At VMware, a company that about a decade ago enjoyed selling the “easiest value proposition in IT history,” staying relevant today, in a world where most enterprise applications are already running on virtual machines, and where companies have a constantly expanding universe of infrastructure options for their software, never stops being a work in progress.
John Gilmartin, a VMware VP and general manager of is Integrated Systems business unit, says that if Intel is correct when it says that “the paranoid survive,” than there’s nothing that doesn’t make VMware paranoid. “Are you being relevant? Are you investing in things that are important?” Answers to those questions are moving targets nowadays.

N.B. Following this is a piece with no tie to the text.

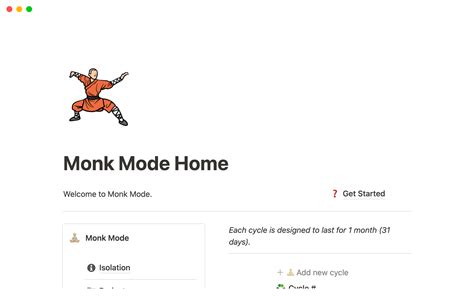 Monk Mode Os Notion Template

After more than a tryst with becoming a cloud service provider – the vCloud Air days – the Palo Alto-based outfit whose impact on the data center industry is yet to be matched as far a software makers go, is now squarely back to doing what it’s always been good at: making data center software. Let those who excel at building and managing data centers build and manage data centers, goes the thinking. Those would be the likes of Amazon Web Services, now VMware’s biggest ally in the cloud space. VMware is going to focus on making the life of its core audience — the enterprise IT shops — easier as they traverse a world where one cloud simply won’t cut it.
Gilmartin expanded on this in an interview for The Data Center Podcast recently. We talked about VMware’s current cloud strategy, reflected on the company’s impact on the data center industry (the whole one server instead of 10 thing turned out to be a big deal), and what it’s like to be part of its new parent, Dell Technologies.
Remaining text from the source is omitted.